• Exercise aim: Copy the lines below word for word, skipping any image.

• Data segment:
────────────────────────────────────────
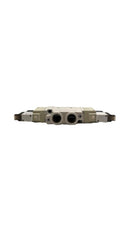 Pneumatic Solenoid Valve Japanese style 5/2 - With  2 coil 24DC / Model : FY-D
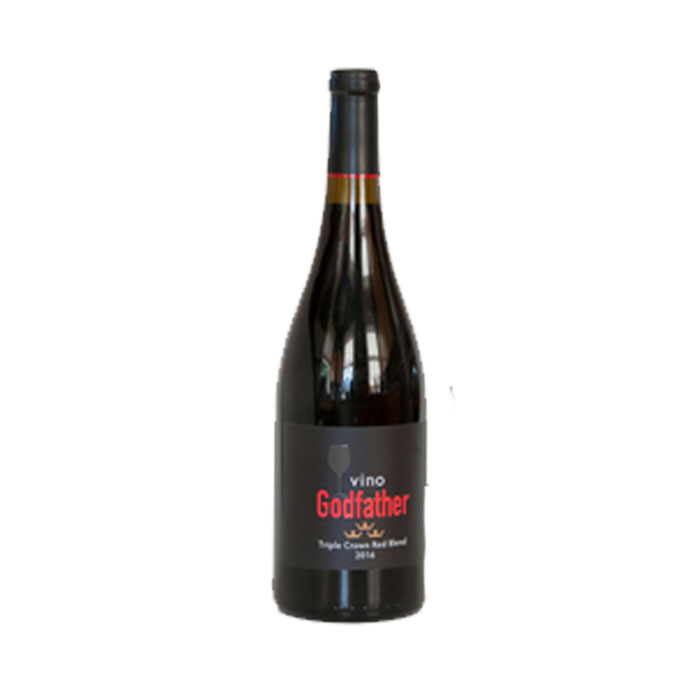 Triple Crown Red Blend 2016
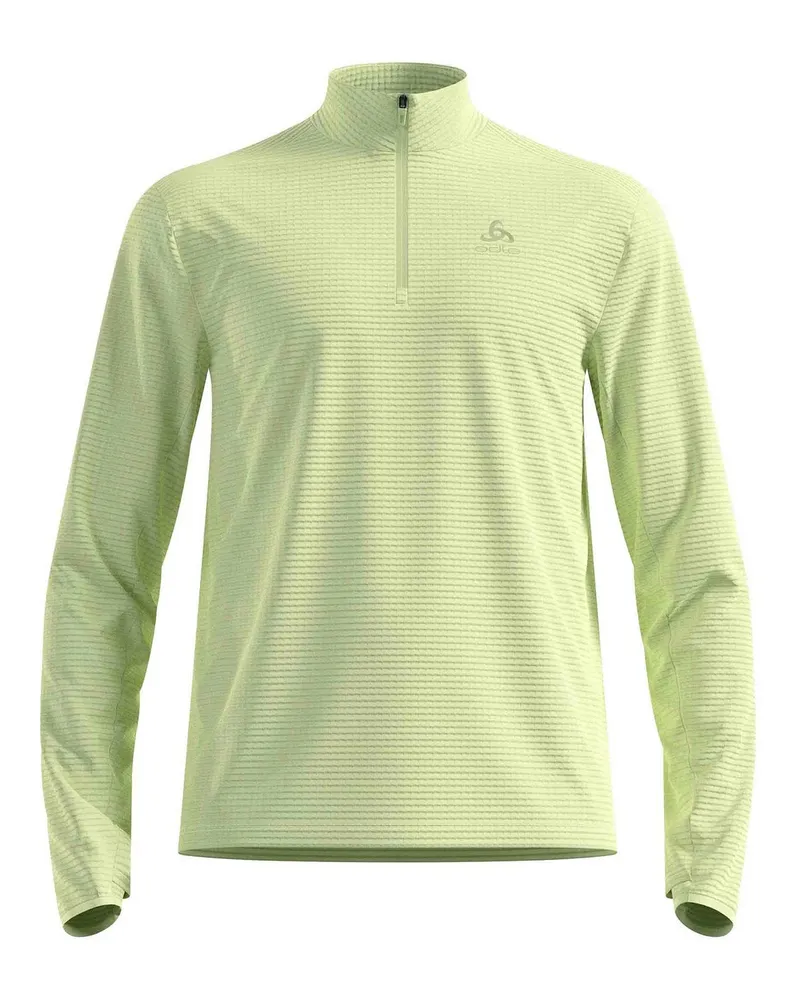 Odlo T-Shirt - Schwarz Schwarz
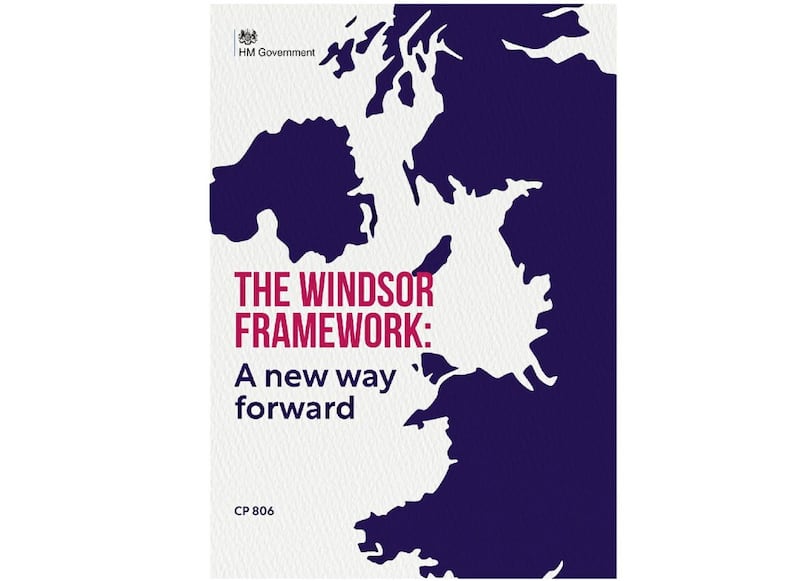The Windsor Framework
────────────────────────────────────────
• Reply:
 Pneumatic Solenoid Valve Japanese style 5/2 - With  2 coil 24DC / Model : FY-D
 Triple Crown Red Blend 2016
 Odlo T-Shirt - Schwarz Schwarz
The Windsor Framework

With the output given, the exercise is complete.